Monday, March 31, 2014
Support for the national health care law’s requirement that every American obtain health insurance is down slightly from recent months, as is support for a single-payer health care system.
A new Rasmussen Reports national telephone survey finds that 40% of Likely U.S. Voters think the federal government should require every American to buy or obtain health insurance. Forty-six percent (46%) oppose this so-called individual mandate. Fourteen percent (14%) are undecided. (To see survey question wording, click here.)
Support for the individual mandate is down from 44% last month and 42% in January. Still, support for the mandate remains higher than it was all of last year. In December, 58% opposed the requirement.

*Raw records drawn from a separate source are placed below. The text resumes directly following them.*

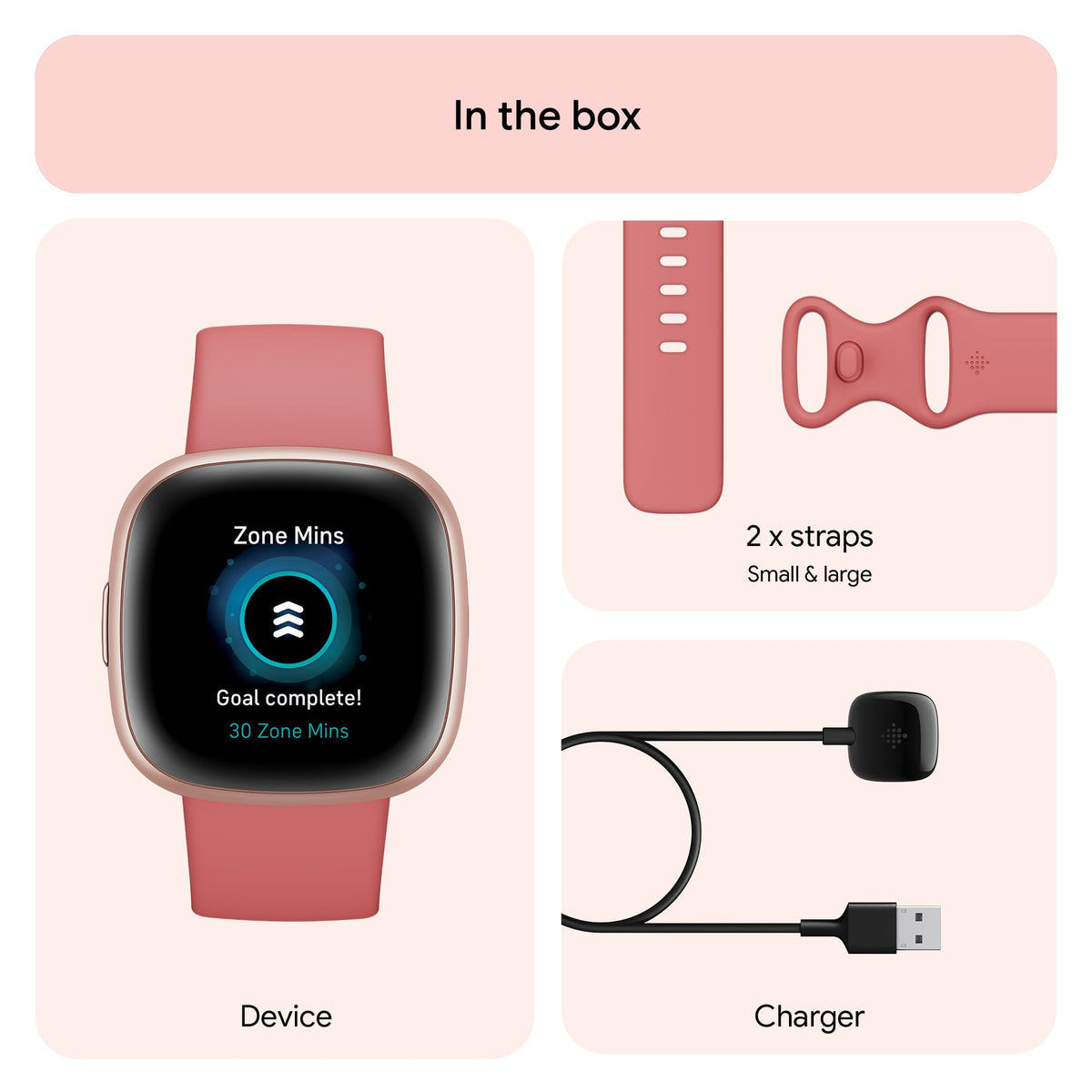 Fitbit Google Versa 4 Fitness Smartwatch with 3 Months Google Health Membership Included and up to 6 days battery life - compatible with iOS & Android, Black/Graphite Aluminium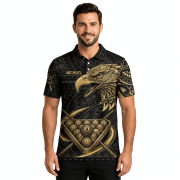 Black Gold Eagle Tribal Pattern Billiards Custom Pool Shirt - Image 2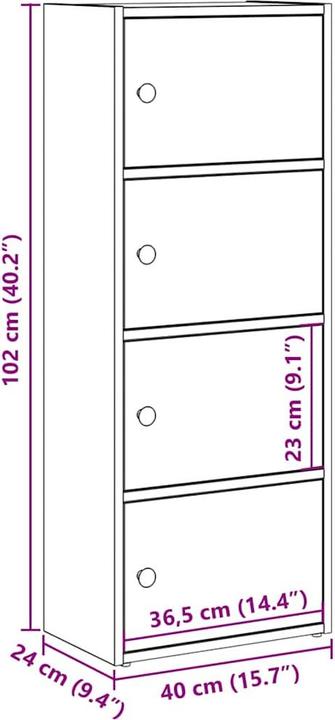 Image du produit vidaXL Bibliothèque imitation vieux bois 40x24x102 cm bois composite Bibliothèque (40 x 24 x 102 cm)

Thirty-six percent (36%) of voters now support a single-payer health care system where the federal government provides health insurance coverage for everyone. That’s down from 40% in February but is in line with surveys through most of last year. Forty-nine percent (49%) oppose a single-payer system, the highest level of opposition measured since November. Fifteen percent (15%) are undecided.
Just 52% of voters are now aware whether their state has created an exchange for the sale of health insurance as part of the health care law. That’s down from 59% in February and 57% in January. Prior to this survey, awareness had been steadily growing from a low of 32% in January of last year.
Unchanged from the past two months are the 12% of voters who say they or a member of their immediate family have bought health insurance through one of these exchanges.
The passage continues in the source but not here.